— What is being asked —
Write the records out again. Match them exactly.

— Material for this exercise —
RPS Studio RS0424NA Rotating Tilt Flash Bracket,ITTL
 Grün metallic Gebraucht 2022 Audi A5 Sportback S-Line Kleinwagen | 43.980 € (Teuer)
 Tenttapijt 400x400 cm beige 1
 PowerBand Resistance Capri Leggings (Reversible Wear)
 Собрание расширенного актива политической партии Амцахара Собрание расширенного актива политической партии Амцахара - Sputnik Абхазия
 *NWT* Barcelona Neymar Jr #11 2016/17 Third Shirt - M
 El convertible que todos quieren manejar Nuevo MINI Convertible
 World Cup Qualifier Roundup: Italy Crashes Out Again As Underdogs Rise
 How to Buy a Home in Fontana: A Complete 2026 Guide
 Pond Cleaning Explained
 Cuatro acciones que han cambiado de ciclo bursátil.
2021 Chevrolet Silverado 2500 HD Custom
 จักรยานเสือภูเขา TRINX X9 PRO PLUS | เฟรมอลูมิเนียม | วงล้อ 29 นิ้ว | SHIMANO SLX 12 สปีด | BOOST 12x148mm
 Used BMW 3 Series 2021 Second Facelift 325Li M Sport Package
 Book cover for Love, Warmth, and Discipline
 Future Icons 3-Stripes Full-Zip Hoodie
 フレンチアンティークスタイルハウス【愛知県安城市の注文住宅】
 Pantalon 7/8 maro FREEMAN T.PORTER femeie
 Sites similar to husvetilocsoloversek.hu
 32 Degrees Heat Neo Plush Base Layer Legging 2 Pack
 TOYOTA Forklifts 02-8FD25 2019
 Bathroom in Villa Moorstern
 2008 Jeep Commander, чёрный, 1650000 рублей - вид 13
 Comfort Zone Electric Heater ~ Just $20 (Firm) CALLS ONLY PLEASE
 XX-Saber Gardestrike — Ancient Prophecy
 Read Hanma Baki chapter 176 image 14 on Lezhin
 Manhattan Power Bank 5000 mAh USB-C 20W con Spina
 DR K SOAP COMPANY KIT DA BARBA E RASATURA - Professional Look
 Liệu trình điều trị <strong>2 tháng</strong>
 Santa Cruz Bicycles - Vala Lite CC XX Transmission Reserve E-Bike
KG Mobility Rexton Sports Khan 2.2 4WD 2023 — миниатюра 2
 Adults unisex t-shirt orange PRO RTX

— Solution to the problem —
RPS Studio RS0424NA Rotating Tilt Flash Bracket,ITTL
 Grün metallic Gebraucht 2022 Audi A5 Sportback S-Line Kleinwagen | 43.980 € (Teuer)
 Tenttapijt 400x400 cm beige 1
 PowerBand Resistance Capri Leggings (Reversible Wear)
 Собрание расширенного актива политической партии Амцахара Собрание расширенного актива политической партии Амцахара - Sputnik Абхазия
 *NWT* Barcelona Neymar Jr #11 2016/17 Third Shirt - M
 El convertible que todos quieren manejar Nuevo MINI Convertible
 World Cup Qualifier Roundup: Italy Crashes Out Again As Underdogs Rise
 How to Buy a Home in Fontana: A Complete 2026 Guide
 Pond Cleaning Explained
 Cuatro acciones que han cambiado de ciclo bursátil.
2021 Chevrolet Silverado 2500 HD Custom
 จักรยานเสือภูเขา TRINX X9 PRO PLUS | เฟรมอลูมิเนียม | วงล้อ 29 นิ้ว | SHIMANO SLX 12 สปีด | BOOST 12x148mm
 Used BMW 3 Series 2021 Second Facelift 325Li M Sport Package
 Book cover for Love, Warmth, and Discipline
 Future Icons 3-Stripes Full-Zip Hoodie
 フレンチアンティークスタイルハウス【愛知県安城市の注文住宅】
 Pantalon 7/8 maro FREEMAN T.PORTER femeie
 Sites similar to husvetilocsoloversek.hu
 32 Degrees Heat Neo Plush Base Layer Legging 2 Pack
 TOYOTA Forklifts 02-8FD25 2019
 Bathroom in Villa Moorstern
 2008 Jeep Commander, чёрный, 1650000 рублей - вид 13
 Comfort Zone Electric Heater ~ Just $20 (Firm) CALLS ONLY PLEASE
 XX-Saber Gardestrike — Ancient Prophecy
 Read Hanma Baki chapter 176 image 14 on Lezhin
 Manhattan Power Bank 5000 mAh USB-C 20W con Spina
 DR K SOAP COMPANY KIT DA BARBA E RASATURA - Professional Look
 Liệu trình điều trị <strong>2 tháng</strong>
 Santa Cruz Bicycles - Vala Lite CC XX Transmission Reserve E-Bike
KG Mobility Rexton Sports Khan 2.2 4WD 2023 — миниатюра 2
 Adults unisex t-shirt orange PRO RTX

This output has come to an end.